そう、今やオープン形式はと言えば、それは折り畳み式のハードトップ――いわゆる“クーペ・カブリオレ”が花盛りという御時世。何しろそれは、常のクーペ・ボディと変わらない快適性や耐候性を備えつつ、スイッチひとつでフル・オープンボディの解放感を得る事が出来るのだ。オープン・エアモータリングの快感を手にする代わりに、快適性や耐候性はあるレベルまでで我慢する――オープンカーとはそういうものだと考えていた人にとって、“クーペ・カブリオレ”はまさに「夢のボディ・デザイン」と受け取られても然りであるはず。世の中のオープンカーの多くがこうしたルーフの採用に興味を示すのも当然と言えるだろう。
しかし、そんな素晴らしい流行のシステムに、ポルシェでは敢えて背を向けた。このメーカーは、ソフトトップ方式のオープン・モデルをボクスターでも実現させている。911に“クーペ・カプリオレ”方式を採用すれば、より明確なボクスターとの棲み分けも可能になったはずだ。なのに、どうしてポルシェはそうしたやり方にトライをしなかったのであろうか?
実は「“クーペ・カブリオレ”という形式を全く検討しなかったわけではない」と、今回担当のエンジニア氏はそう明かしてくれた。が、そうして検討を行った結果として「我々は911にはソフトトップ形式がより相応しいと判断した」と言う。
例えば、911カブリオレのルーフシステムは「総重量が42kgで、これは“クーペ・カブリオレ”を採用した場合の半分にしか過ぎない」との事。これにより、「車両重心はより低く保たれ、それはコーナリング時の運動性能を体感出来るほどに高めてくれる」とポルシェでは語る。
また、「クーペとほぼ同時の開発を行ってきたために、効率の良い補強策を採る事が出来た」というのも911カブリオレのボディの大きな自慢だ。

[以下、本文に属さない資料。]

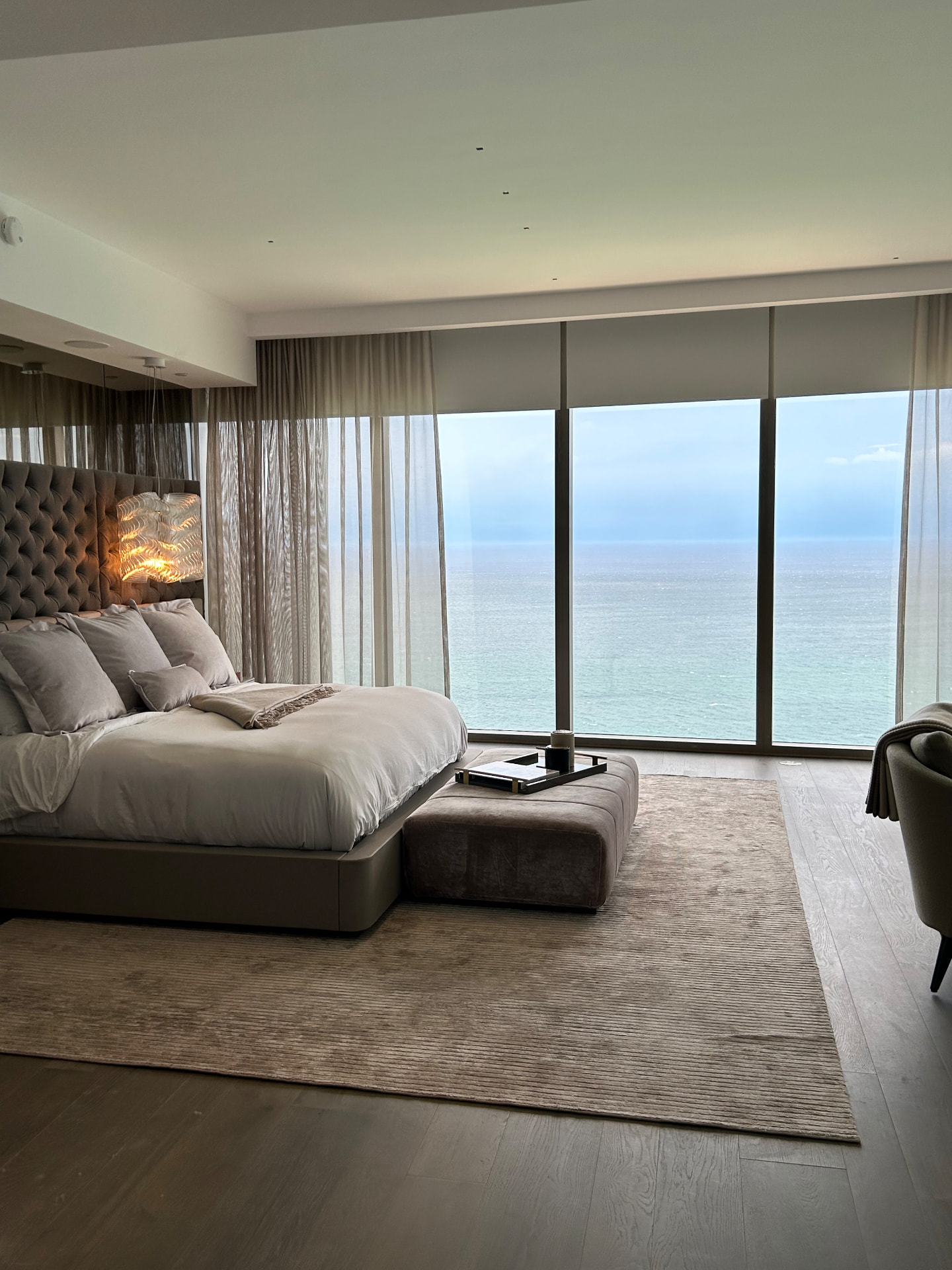 Estate at Acqualina bedroom with sheers and partially lowered room-darkening shades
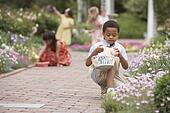 children gathering easter eggs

B/Cピラーとサイドシルの結合部分やドアのベルトライン部に重点的な補強が加えられたというが、前述のようにクーペと同時開発を行ってきた事で“贅肉”が付くのを避ける事が可能になったため、「ボディシェル自体の重量増は、クーペに対してわずかに7kg」に抑えられているという。

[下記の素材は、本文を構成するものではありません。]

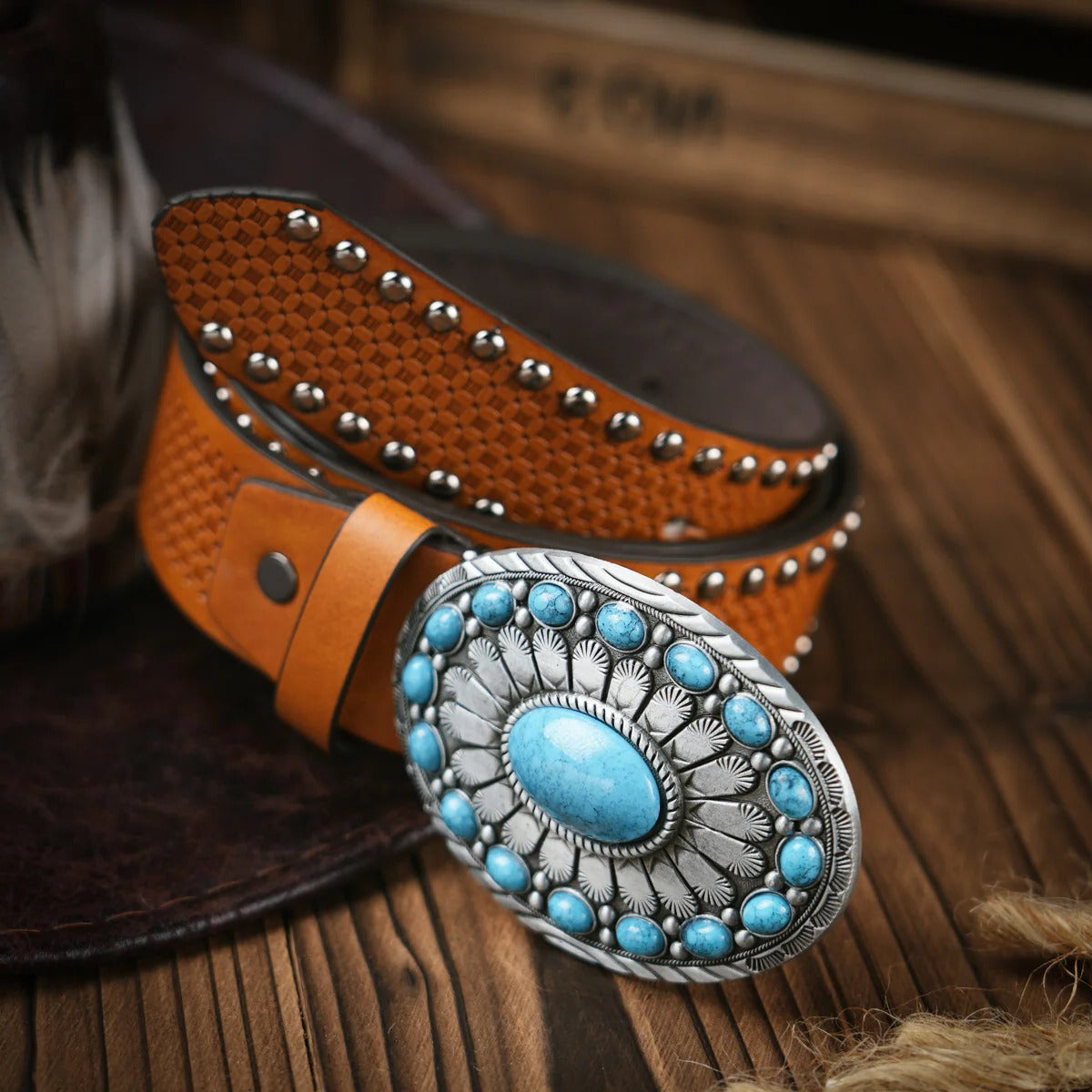 Men's hand-tooled brown leather western belt with ornate brass buckle for casual and formal wear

そうしたソフトトップ方式ならではの利点を生かした上で、“クーペ・カブリオレ”に負けない機能性をアピールするのも、このクルマの特徴だ。
例えば、耐候性に優れたソフトトップは「冬季でも問題なく作動させる事が可能」と言うし、開閉動作に要する時間もそれぞれおよそ20秒と、大方の“クーペ・カブリオレ”のそれよりも短い時間を実現させている。さらに機能面でのハイライトは「走行中でも開閉動作が可能」というポイント。このクルマのソフトトップは新型ボクスターと同様、50km/hまでのスピードであれば通常通りの開閉動作を続ける事が出来るのである。